— DATA SECTION —
%%
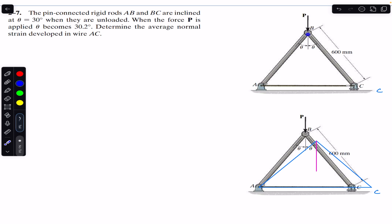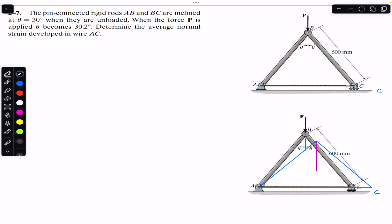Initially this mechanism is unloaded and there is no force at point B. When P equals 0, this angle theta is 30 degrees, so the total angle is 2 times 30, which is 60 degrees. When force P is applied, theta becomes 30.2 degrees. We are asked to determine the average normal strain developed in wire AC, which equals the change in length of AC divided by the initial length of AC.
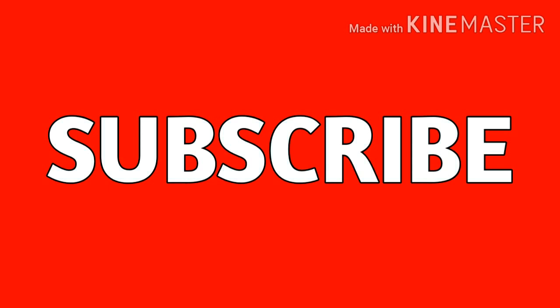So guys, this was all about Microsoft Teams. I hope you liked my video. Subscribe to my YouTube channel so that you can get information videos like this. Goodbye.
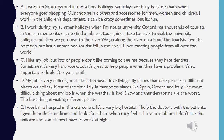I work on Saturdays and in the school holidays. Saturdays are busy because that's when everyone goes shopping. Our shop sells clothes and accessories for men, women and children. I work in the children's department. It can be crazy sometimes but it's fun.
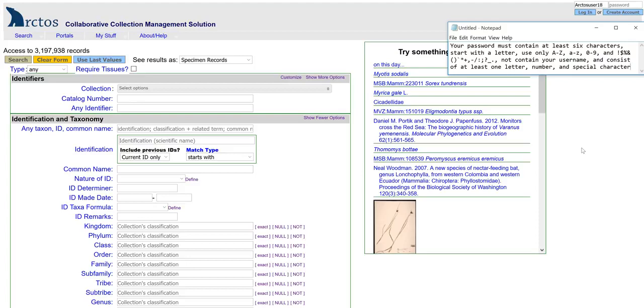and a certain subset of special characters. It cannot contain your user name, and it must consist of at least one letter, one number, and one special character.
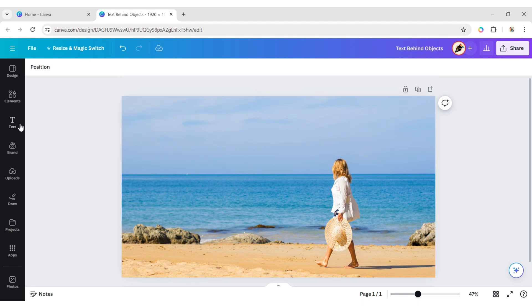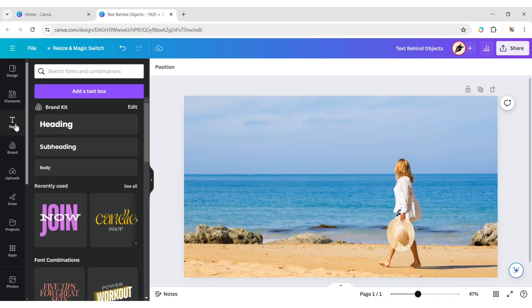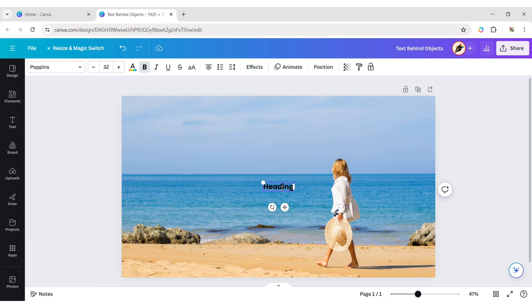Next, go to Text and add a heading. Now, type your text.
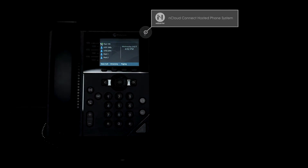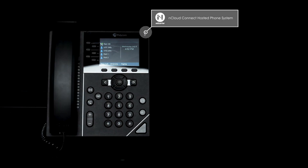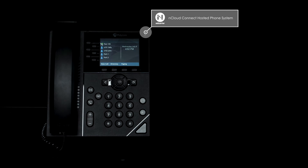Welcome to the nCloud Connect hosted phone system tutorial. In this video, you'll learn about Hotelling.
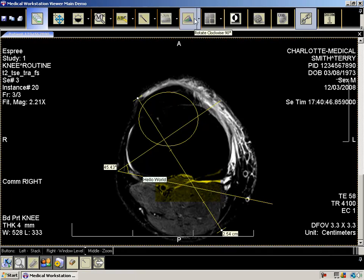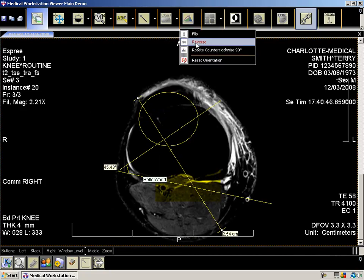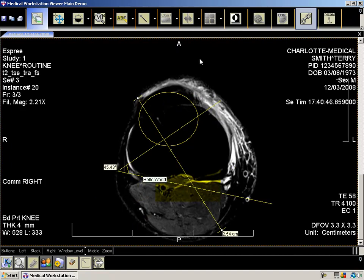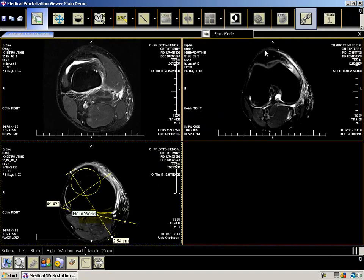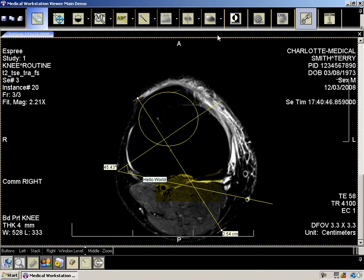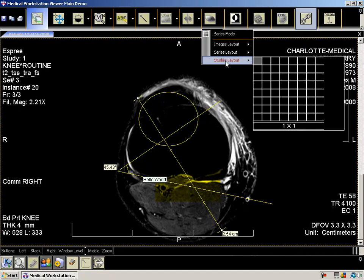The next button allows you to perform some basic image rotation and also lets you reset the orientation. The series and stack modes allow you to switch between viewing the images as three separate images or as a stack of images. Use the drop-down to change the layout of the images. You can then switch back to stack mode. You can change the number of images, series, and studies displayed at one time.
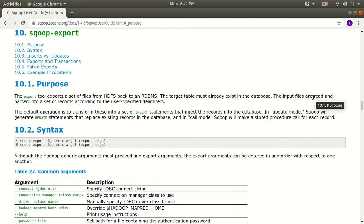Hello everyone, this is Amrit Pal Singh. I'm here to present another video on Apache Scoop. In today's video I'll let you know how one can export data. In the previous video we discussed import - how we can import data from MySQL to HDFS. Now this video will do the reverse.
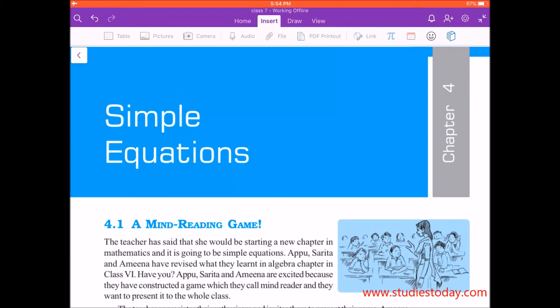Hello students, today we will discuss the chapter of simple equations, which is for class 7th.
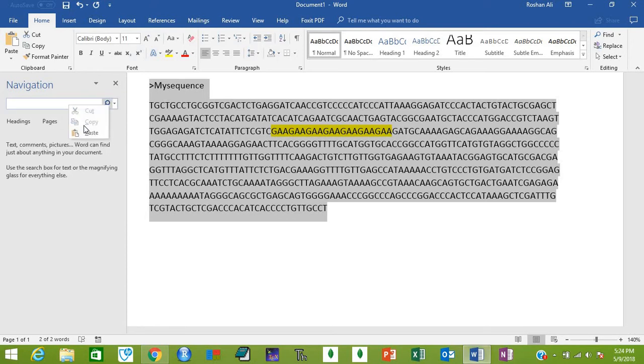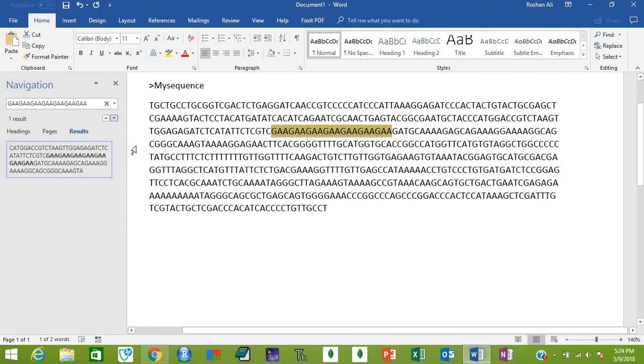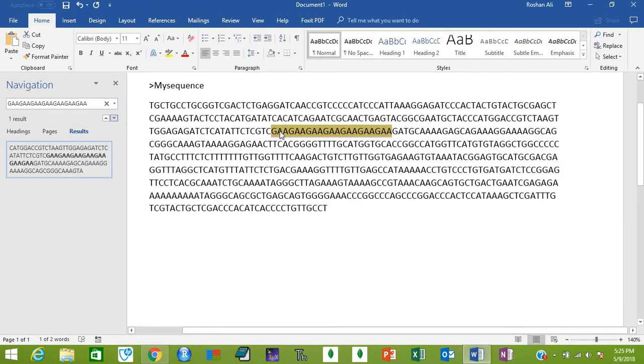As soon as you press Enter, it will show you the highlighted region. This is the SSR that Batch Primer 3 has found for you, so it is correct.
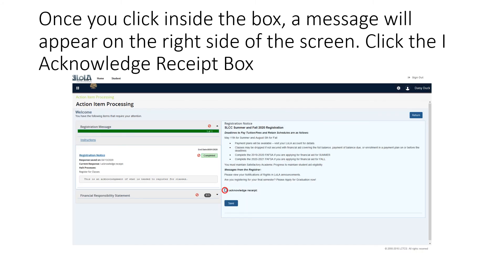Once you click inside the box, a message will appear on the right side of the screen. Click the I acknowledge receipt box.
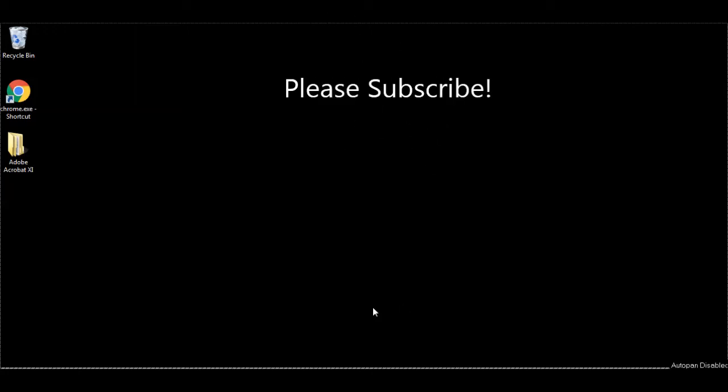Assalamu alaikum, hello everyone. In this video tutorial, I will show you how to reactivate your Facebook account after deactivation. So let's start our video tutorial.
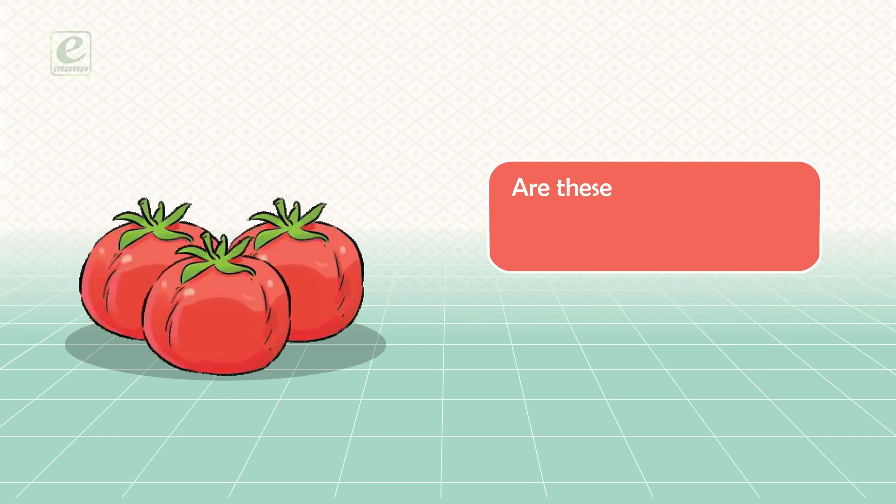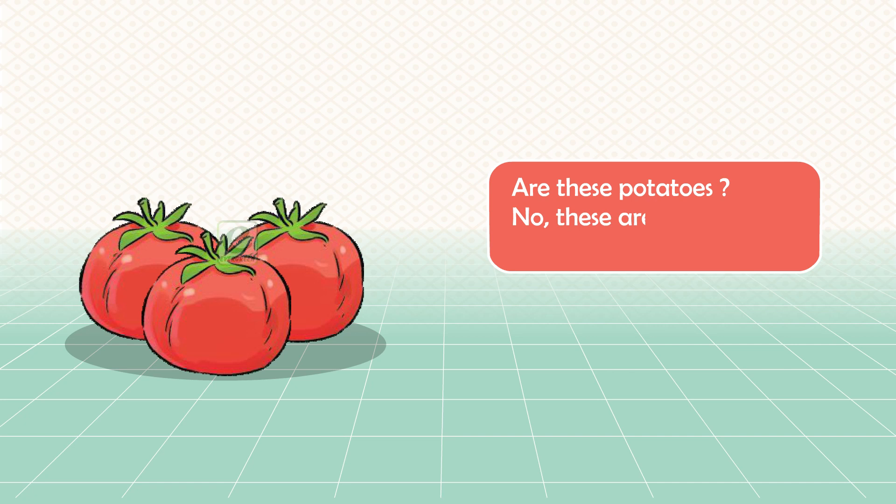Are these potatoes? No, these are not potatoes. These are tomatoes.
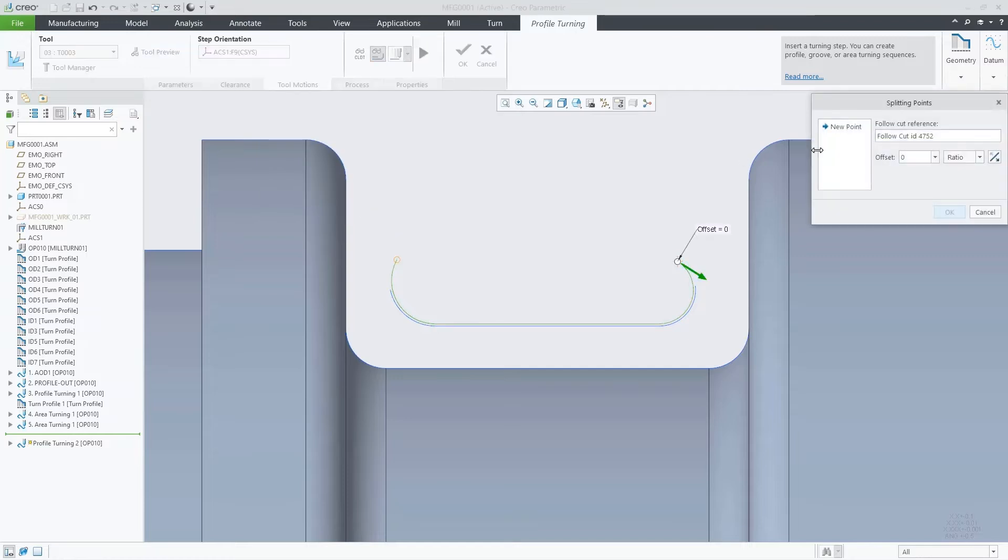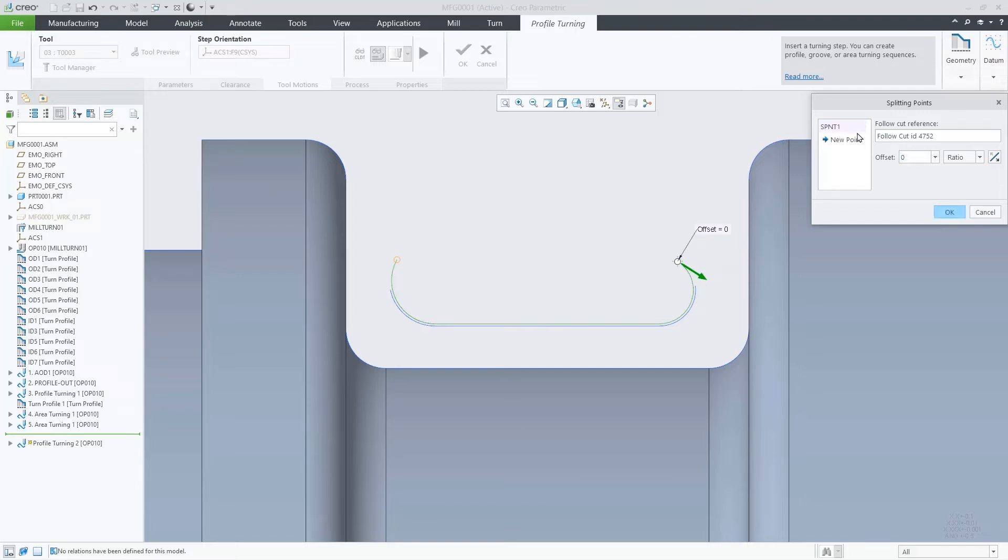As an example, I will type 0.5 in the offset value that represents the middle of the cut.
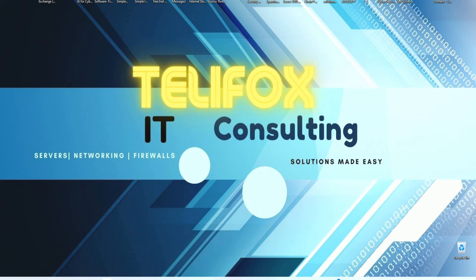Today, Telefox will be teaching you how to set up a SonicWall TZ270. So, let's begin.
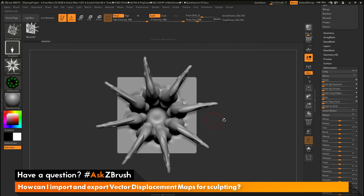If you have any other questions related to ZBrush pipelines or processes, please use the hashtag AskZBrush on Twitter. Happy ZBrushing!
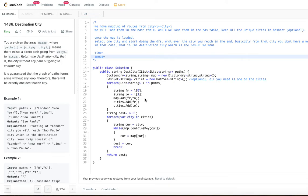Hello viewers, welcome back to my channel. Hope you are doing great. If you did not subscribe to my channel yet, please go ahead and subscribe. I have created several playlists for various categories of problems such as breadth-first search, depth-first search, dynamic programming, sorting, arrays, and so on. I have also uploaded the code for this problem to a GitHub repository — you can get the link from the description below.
%%
— DIRECTIONS FOR THIS TASK —
Exactly the lines above, from the one containing "I work on Saturdays" down to the one containing "Welcome to the", are to be repeated, including both ends. Pictures are not part of the copy.

— TASK RESULT —
I work on Saturdays and in the school holidays. Saturdays are busy because that's when everyone goes shopping. Our shop sells clothes and accessories for men, women and children. I work in the children's department. It can be crazy sometimes but it's fun.
and a certain subset of special characters. It cannot contain your user name, and it must consist of at least one letter, one number, and one special character.
Next, go to Text and add a heading. Now, type your text.
Welcome to the nCloud Connect hosted phone system tutorial. In this video, you'll learn about Hotelling.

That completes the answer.